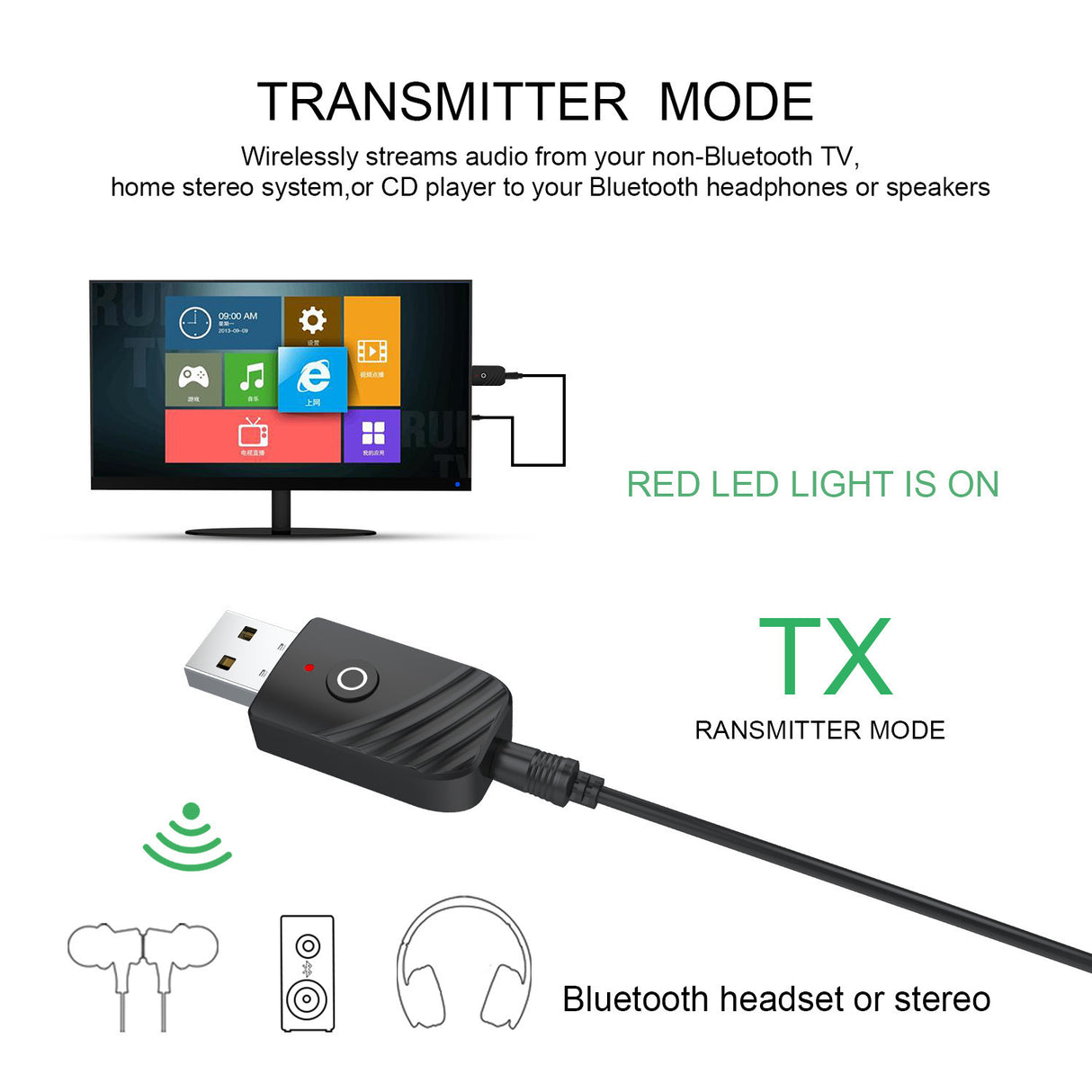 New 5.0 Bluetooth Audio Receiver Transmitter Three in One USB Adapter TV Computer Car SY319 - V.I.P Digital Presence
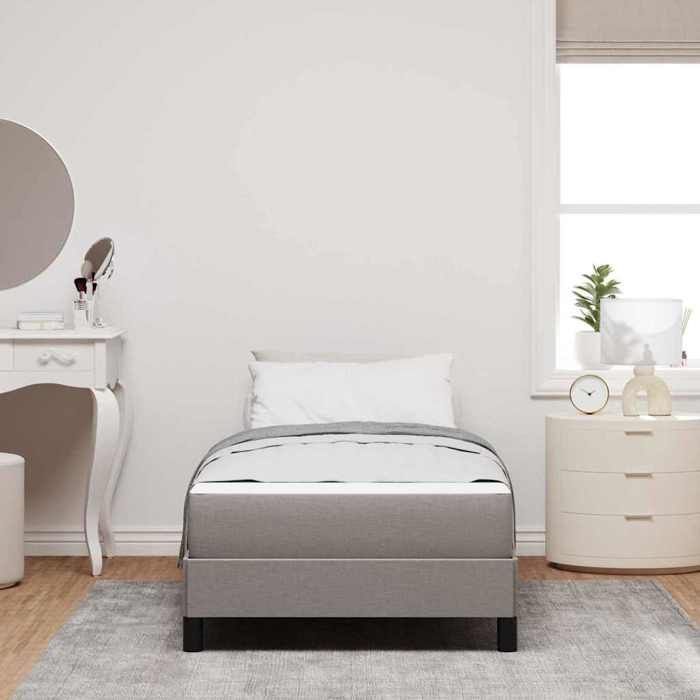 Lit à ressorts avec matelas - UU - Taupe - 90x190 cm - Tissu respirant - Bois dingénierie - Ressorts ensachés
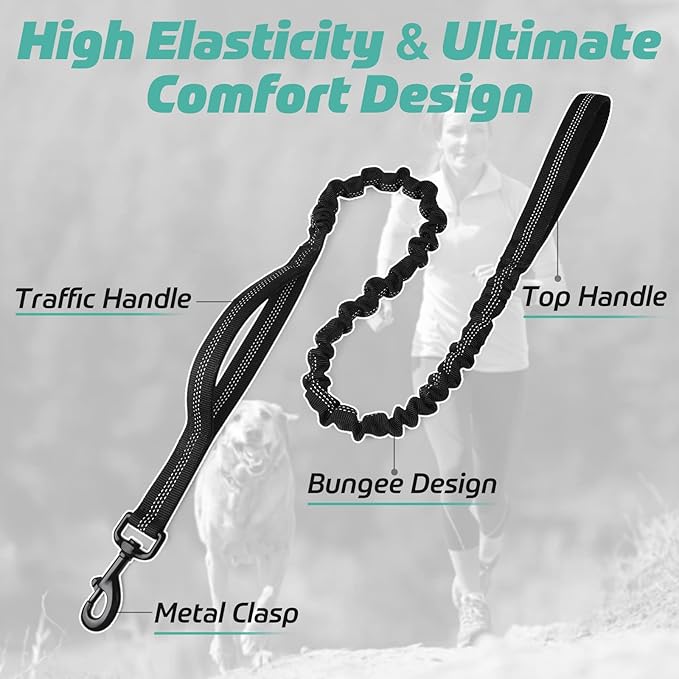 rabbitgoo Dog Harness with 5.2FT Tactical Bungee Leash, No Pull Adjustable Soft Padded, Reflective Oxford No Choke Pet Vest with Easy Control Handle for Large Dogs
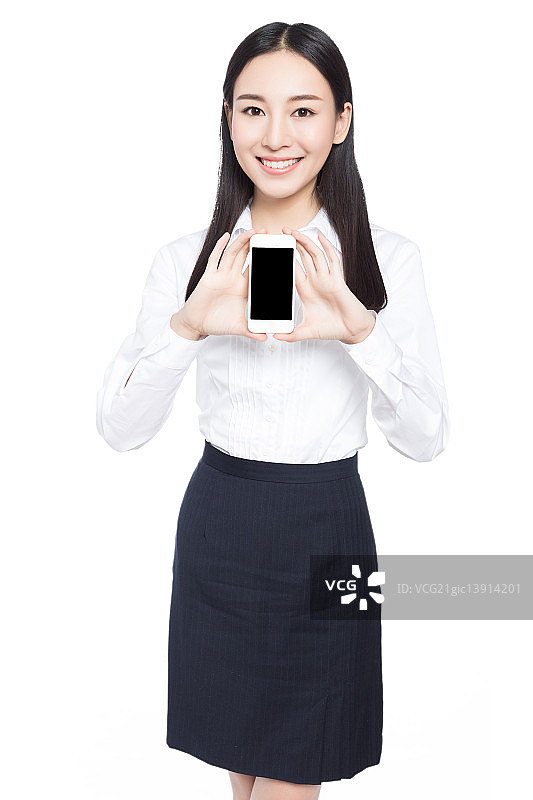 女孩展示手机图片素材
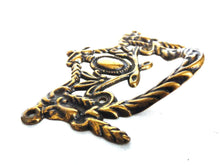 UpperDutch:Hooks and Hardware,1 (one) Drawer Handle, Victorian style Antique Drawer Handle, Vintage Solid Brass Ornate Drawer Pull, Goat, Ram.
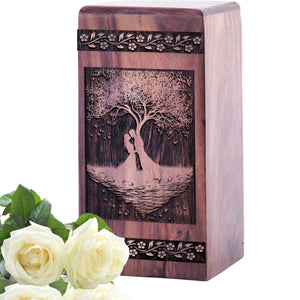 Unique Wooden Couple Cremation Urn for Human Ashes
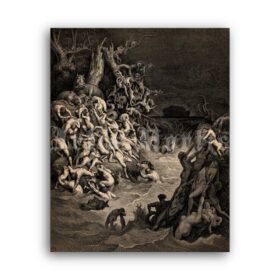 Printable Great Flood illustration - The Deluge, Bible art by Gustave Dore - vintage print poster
· · · ·
WHAT YOU SHOULD DO -
Images stay out; the entries above are to be printed exactly.

SOLUTION TO THIS TASK -
 New 5.0 Bluetooth Audio Receiver Transmitter Three in One USB Adapter TV Computer Car SY319 - V.I.P Digital Presence
 Lit à ressorts avec matelas - UU - Taupe - 90x190 cm - Tissu respirant - Bois dingénierie - Ressorts ensachés
 rabbitgoo Dog Harness with 5.2FT Tactical Bungee Leash, No Pull Adjustable Soft Padded, Reflective Oxford No Choke Pet Vest with Easy Control Handle for Large Dogs
 女孩展示手机图片素材
 UpperDutch:Hooks and Hardware,1 (one) Drawer Handle, Victorian style Antique Drawer Handle, Vintage Solid Brass Ornate Drawer Pull, Goat, Ram.
 Unique Wooden Couple Cremation Urn for Human Ashes
 Printable Great Flood illustration - The Deluge, Bible art by Gustave Dore - vintage print poster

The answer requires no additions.